Fighting back tears, the divorced mother of two sons said she has searched for more than three years for a steady job that would help provide for her family the way she used to.

“I was devastated,” Mackey told the Los Angeles Superior Court jury hearing her sexual harassment suit against Helinet. “I ended up getting pretty depressed. I felt worthless.”

Mackey said she has made at most about $1,300 the last seven months and that she can no longer pay for tutoring services for her special-needs son, Noah, causing his IQ to drop.

“There are days you wonder why you are even here,” Mackey testified. “How can you be a mom to your kids when you can’t even buy them a loaf of bread?”

Helinet was founded by pilot Alan Purwin, who died in a Sept. 11 plane crash in Colombia during shooting of the upcoming Tom Cruise film “Mena.” Helinet provides helicopter services to a variety of clients such as celebrities, filmmakers, television stations and law enforcement, including local agencies as well as the FBI.

Mackey testified she joined Helinet in 2010 and that her contact while handling the FBI account was Grant, the unit chief of the FBI’s hostage and rescue team. She said Grant helped her get the job after speaking with Helinet executives at a trade show.

Mackey said she dated Grant before she worked at Helinet, but that she ended the relationship after she found out by accident that he was still married. But Grant persisted in pursuing Mackey and used his access to an FBI data base to track her flights on business trips, she said.

She said he also wanted to make her an FBI “source,” which would have enabled him to know of her whereabouts and doings 24 hours a day.

“Anything to do with my life, he had to know about it,” Mackey said.

Mackey said her Helinet bosses seemed unconcerned because the FBI account brought in so much revenue.

“I got very upset and started to cry,” Mackey said. “They said, ‘It’s OK, everything would be fine, don’t worry about it.’”

She said she begged her supervisors to take her off the FBI account, but they warned her that would mean losing lucrative commissions.

“Then take the commissions, I don’t want to deal with this anymore,” Mackey said she told her bosses.

Grant warned Mackey that if she left the FBI account, she would ultimately lose her job and that, in turn, would make it more difficult for her to afford tutoring for her special-needs son, the plaintiff said.
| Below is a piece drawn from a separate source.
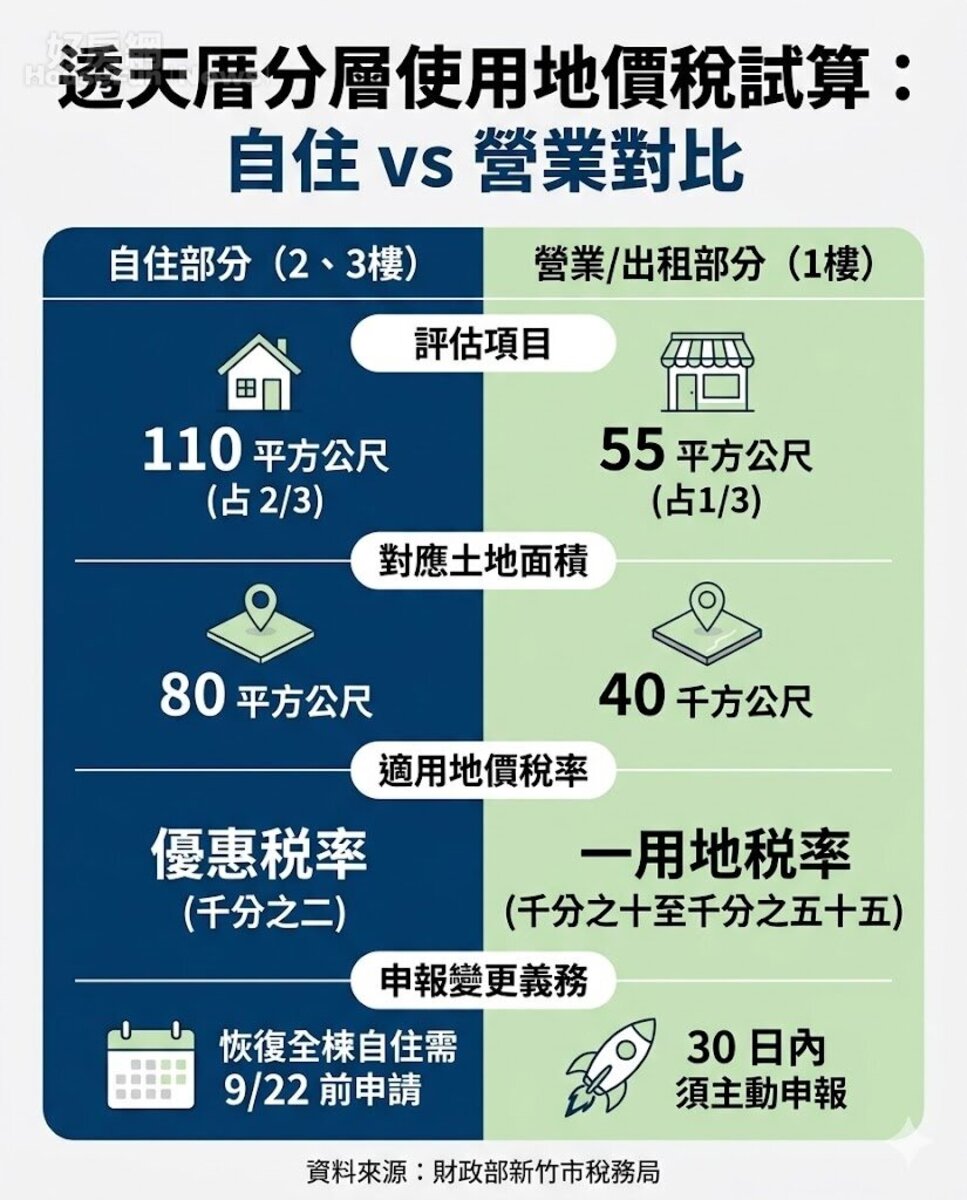 透天厝分層使用地價稅試算:自住 vs 營業對比。資料來源:財政部新竹市稅務局。圖/由 AI 生成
“He always used Noah because he knew he was so important to me,” Mackey said.

Mackey said Helinet management directed her to meet with Grant during another trip to Washington. She said he used obscene language while accusing her of being romantically involved with another man.

Grant grabbed her by the neck, touched her inappropriately and exposed himself to her while demanding that she perform a sexual act, she testified.

“I told him I wasn’t going to do that,” Mackey testified.

On another occasion, Grant called her 37 times within a few hours, unhappy because she was refusing to return his calls, she said.

Mackey said her Helinet bosses finally relented and she was taken off the FBI account in September 2012. But she said her travel opportunities were sharply cut back, preventing her from meeting with other clients.

Mackey said she was fired two months later.

“I was shocked,” she said. “I made my numbers. All I wanted to do was be taken off the FBI account.”

Mackey said she worked for a time stacking shelves at a Target store and has applied for as many as 400 jobs, some of them with clients she generated while working at Helinet and elsewhere. However, she said she has only landed about six or seven interviews.

She said she now works on a commissions-only basis for Surefire Flashlights.

Defense attorney Tracey Kennedy told jurors during her opening statement that Mackey’s case was about “secrets and lies.” She said Mackey never told her Helinet bosses about her previous romantic relationship with Grant. She also never said anything about sexual misconduct by Grant toward her, Kennedy

said.

Helinet acted quickly when Mackey complained and the FBI agent was told to stay away from her, Kennedy said. Emails show that Mackey was pleased with Helinet’s actions, according to Kennedy.

Mackey sued Helinet in August 2013. Grant and the FBI are not defendants in the case.